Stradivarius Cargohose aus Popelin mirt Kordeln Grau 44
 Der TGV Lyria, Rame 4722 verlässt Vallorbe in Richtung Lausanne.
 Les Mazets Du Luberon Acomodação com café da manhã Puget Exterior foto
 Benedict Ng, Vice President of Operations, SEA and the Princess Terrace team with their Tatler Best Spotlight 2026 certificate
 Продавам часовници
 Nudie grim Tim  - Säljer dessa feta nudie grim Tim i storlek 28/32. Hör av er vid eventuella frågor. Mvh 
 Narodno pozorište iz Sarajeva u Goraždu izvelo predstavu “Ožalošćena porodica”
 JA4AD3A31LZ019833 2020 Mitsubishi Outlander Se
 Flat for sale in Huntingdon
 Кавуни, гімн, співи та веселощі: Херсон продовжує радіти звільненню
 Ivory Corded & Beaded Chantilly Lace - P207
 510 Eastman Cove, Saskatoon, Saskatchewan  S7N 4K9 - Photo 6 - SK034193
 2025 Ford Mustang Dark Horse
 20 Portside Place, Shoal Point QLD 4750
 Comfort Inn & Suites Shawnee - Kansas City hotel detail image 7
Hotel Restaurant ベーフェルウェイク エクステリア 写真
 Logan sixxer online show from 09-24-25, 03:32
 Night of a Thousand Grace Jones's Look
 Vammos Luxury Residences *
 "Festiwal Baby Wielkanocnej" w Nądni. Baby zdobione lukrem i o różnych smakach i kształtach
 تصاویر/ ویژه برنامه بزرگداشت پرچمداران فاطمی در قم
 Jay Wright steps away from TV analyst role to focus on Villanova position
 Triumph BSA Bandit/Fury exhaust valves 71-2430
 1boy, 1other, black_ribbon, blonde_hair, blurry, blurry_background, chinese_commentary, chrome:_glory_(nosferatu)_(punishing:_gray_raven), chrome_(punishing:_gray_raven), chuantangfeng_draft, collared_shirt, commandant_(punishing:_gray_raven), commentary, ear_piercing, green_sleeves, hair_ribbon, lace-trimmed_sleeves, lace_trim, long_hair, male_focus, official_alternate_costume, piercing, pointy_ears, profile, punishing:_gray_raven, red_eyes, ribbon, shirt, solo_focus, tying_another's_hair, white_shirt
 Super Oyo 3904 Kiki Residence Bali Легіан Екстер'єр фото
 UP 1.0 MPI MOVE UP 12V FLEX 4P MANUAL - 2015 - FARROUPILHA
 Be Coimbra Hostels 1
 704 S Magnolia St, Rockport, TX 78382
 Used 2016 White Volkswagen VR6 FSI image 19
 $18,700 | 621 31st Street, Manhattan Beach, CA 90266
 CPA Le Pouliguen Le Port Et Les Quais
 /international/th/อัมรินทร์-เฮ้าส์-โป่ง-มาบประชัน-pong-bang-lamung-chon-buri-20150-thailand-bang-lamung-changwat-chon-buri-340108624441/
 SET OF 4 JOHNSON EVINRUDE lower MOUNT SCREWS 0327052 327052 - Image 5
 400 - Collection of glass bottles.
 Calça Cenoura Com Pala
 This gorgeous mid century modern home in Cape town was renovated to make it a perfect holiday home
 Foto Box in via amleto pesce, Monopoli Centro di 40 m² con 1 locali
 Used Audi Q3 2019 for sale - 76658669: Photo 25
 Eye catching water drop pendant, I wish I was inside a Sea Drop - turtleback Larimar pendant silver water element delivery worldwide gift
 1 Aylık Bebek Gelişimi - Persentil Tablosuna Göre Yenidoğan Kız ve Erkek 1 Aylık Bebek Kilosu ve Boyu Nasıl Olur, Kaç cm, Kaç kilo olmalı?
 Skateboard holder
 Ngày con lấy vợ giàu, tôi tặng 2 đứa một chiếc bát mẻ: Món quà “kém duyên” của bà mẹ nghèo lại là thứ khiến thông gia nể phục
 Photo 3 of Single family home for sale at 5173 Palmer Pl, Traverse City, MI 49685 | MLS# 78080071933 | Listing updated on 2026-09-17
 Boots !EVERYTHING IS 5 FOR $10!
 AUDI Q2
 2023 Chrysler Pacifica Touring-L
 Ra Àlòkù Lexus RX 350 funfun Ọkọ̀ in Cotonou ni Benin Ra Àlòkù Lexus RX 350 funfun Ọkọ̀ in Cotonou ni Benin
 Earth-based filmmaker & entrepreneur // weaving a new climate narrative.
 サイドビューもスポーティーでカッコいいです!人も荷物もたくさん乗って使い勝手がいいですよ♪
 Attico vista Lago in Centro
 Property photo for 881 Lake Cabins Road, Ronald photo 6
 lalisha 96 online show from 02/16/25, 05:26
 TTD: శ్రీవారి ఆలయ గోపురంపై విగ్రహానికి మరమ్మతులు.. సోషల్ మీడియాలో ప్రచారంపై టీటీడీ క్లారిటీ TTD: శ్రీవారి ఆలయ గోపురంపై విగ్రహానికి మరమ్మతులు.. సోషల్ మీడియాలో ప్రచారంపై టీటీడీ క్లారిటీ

+ + +

** Work required **
Could you output every entry above exactly as it stands?

** Answer for this exercise **
Stradivarius Cargohose aus Popelin mirt Kordeln Grau 44
 Der TGV Lyria, Rame 4722 verlässt Vallorbe in Richtung Lausanne.
 Les Mazets Du Luberon Acomodação com café da manhã Puget Exterior foto
 Benedict Ng, Vice President of Operations, SEA and the Princess Terrace team with their Tatler Best Spotlight 2026 certificate
 Продавам часовници
 Nudie grim Tim  - Säljer dessa feta nudie grim Tim i storlek 28/32. Hör av er vid eventuella frågor. Mvh 
 Narodno pozorište iz Sarajeva u Goraždu izvelo predstavu “Ožalošćena porodica”
 JA4AD3A31LZ019833 2020 Mitsubishi Outlander Se
 Flat for sale in Huntingdon
 Кавуни, гімн, співи та веселощі: Херсон продовжує радіти звільненню
 Ivory Corded & Beaded Chantilly Lace - P207
 510 Eastman Cove, Saskatoon, Saskatchewan  S7N 4K9 - Photo 6 - SK034193
 2025 Ford Mustang Dark Horse
 20 Portside Place, Shoal Point QLD 4750
 Comfort Inn & Suites Shawnee - Kansas City hotel detail image 7
Hotel Restaurant ベーフェルウェイク エクステリア 写真
 Logan sixxer online show from 09-24-25, 03:32
 Night of a Thousand Grace Jones's Look
 Vammos Luxury Residences *
 "Festiwal Baby Wielkanocnej" w Nądni. Baby zdobione lukrem i o różnych smakach i kształtach
 تصاویر/ ویژه برنامه بزرگداشت پرچمداران فاطمی در قم
 Jay Wright steps away from TV analyst role to focus on Villanova position
 Triumph BSA Bandit/Fury exhaust valves 71-2430
 1boy, 1other, black_ribbon, blonde_hair, blurry, blurry_background, chinese_commentary, chrome:_glory_(nosferatu)_(punishing:_gray_raven), chrome_(punishing:_gray_raven), chuantangfeng_draft, collared_shirt, commandant_(punishing:_gray_raven), commentary, ear_piercing, green_sleeves, hair_ribbon, lace-trimmed_sleeves, lace_trim, long_hair, male_focus, official_alternate_costume, piercing, pointy_ears, profile, punishing:_gray_raven, red_eyes, ribbon, shirt, solo_focus, tying_another's_hair, white_shirt
 Super Oyo 3904 Kiki Residence Bali Легіан Екстер'єр фото
 UP 1.0 MPI MOVE UP 12V FLEX 4P MANUAL - 2015 - FARROUPILHA
 Be Coimbra Hostels 1
 704 S Magnolia St, Rockport, TX 78382
 Used 2016 White Volkswagen VR6 FSI image 19
 $18,700 | 621 31st Street, Manhattan Beach, CA 90266
 CPA Le Pouliguen Le Port Et Les Quais
 /international/th/อัมรินทร์-เฮ้าส์-โป่ง-มาบประชัน-pong-bang-lamung-chon-buri-20150-thailand-bang-lamung-changwat-chon-buri-340108624441/
 SET OF 4 JOHNSON EVINRUDE lower MOUNT SCREWS 0327052 327052 - Image 5
 400 - Collection of glass bottles.
 Calça Cenoura Com Pala
 This gorgeous mid century modern home in Cape town was renovated to make it a perfect holiday home
 Foto Box in via amleto pesce, Monopoli Centro di 40 m² con 1 locali
 Used Audi Q3 2019 for sale - 76658669: Photo 25
 Eye catching water drop pendant, I wish I was inside a Sea Drop - turtleback Larimar pendant silver water element delivery worldwide gift
 1 Aylık Bebek Gelişimi - Persentil Tablosuna Göre Yenidoğan Kız ve Erkek 1 Aylık Bebek Kilosu ve Boyu Nasıl Olur, Kaç cm, Kaç kilo olmalı?
 Skateboard holder
 Ngày con lấy vợ giàu, tôi tặng 2 đứa một chiếc bát mẻ: Món quà “kém duyên” của bà mẹ nghèo lại là thứ khiến thông gia nể phục
 Photo 3 of Single family home for sale at 5173 Palmer Pl, Traverse City, MI 49685 | MLS# 78080071933 | Listing updated on 2026-09-17
 Boots !EVERYTHING IS 5 FOR $10!
 AUDI Q2
 2023 Chrysler Pacifica Touring-L
 Ra Àlòkù Lexus RX 350 funfun Ọkọ̀ in Cotonou ni Benin Ra Àlòkù Lexus RX 350 funfun Ọkọ̀ in Cotonou ni Benin
 Earth-based filmmaker & entrepreneur // weaving a new climate narrative.
 サイドビューもスポーティーでカッコいいです!人も荷物もたくさん乗って使い勝手がいいですよ♪
 Attico vista Lago in Centro
 Property photo for 881 Lake Cabins Road, Ronald photo 6
 lalisha 96 online show from 02/16/25, 05:26
 TTD: శ్రీవారి ఆలయ గోపురంపై విగ్రహానికి మరమ్మతులు.. సోషల్ మీడియాలో ప్రచారంపై టీటీడీ క్లారిటీ TTD: శ్రీవారి ఆలయ గోపురంపై విగ్రహానికి మరమ్మతులు.. సోషల్ మీడియాలో ప్రచారంపై టీటీడీ క్లారిటీ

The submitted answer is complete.